__ACTIVITY__
Copy out the entries below exactly as they stand, but only from the line containing "Arrastre de pesca" through the line containing "5540 Crestwood Drive - Photo Thumbnail 10".

• • • •

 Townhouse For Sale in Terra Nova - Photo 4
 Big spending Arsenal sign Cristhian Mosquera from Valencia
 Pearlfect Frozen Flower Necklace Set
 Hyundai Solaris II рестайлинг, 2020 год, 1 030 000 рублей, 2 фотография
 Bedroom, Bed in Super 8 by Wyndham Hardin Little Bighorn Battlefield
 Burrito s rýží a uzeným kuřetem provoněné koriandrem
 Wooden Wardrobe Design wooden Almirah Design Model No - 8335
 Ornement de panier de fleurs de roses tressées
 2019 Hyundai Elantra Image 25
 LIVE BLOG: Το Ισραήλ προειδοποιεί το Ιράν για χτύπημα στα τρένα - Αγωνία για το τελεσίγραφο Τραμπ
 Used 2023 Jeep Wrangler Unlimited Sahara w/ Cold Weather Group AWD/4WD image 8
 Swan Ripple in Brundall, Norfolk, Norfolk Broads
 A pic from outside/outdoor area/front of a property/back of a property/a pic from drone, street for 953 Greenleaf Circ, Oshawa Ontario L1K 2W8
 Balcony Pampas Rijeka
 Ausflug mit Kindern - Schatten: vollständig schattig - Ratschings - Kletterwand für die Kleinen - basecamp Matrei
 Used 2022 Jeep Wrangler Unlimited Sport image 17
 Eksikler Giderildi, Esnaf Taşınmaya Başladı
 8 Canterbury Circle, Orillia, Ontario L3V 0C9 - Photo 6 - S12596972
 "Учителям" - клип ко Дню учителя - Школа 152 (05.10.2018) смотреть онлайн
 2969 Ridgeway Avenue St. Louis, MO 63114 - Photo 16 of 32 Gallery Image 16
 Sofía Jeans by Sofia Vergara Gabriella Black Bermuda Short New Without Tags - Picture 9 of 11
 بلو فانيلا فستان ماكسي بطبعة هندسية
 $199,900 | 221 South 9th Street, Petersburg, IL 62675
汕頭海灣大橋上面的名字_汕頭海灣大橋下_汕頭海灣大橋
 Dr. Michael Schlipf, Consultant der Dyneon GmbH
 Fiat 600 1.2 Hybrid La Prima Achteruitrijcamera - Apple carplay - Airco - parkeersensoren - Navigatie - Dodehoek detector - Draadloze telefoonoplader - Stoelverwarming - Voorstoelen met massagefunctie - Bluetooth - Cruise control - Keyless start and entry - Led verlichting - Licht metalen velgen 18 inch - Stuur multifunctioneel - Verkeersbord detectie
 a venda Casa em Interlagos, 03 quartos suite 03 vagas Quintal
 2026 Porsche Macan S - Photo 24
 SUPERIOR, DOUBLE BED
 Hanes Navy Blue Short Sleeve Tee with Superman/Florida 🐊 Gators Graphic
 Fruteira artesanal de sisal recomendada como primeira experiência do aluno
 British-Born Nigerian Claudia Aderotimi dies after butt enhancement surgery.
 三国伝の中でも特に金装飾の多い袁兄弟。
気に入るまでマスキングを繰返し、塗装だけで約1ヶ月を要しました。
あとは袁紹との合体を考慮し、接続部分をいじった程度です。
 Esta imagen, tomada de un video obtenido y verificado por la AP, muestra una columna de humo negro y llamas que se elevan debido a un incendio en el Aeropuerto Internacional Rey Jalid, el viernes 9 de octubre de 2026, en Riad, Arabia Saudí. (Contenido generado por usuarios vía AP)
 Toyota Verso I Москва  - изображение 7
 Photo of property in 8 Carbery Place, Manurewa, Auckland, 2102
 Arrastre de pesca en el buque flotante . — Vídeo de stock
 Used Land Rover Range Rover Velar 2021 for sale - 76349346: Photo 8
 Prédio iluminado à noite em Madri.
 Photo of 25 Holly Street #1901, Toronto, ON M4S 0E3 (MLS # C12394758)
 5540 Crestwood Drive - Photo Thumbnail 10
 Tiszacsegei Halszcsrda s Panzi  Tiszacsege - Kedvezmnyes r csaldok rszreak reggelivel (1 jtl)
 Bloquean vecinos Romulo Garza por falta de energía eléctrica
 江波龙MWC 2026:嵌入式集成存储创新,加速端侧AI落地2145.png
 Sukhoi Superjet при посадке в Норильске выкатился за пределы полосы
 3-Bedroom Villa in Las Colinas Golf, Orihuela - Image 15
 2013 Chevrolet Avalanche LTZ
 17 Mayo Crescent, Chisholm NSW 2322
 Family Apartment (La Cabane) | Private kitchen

• • • •

__EXPECTED ANSWER__
 Arrastre de pesca en el buque flotante . — Vídeo de stock
 Used Land Rover Range Rover Velar 2021 for sale - 76349346: Photo 8
 Prédio iluminado à noite em Madri.
 Photo of 25 Holly Street #1901, Toronto, ON M4S 0E3 (MLS # C12394758)
 5540 Crestwood Drive - Photo Thumbnail 10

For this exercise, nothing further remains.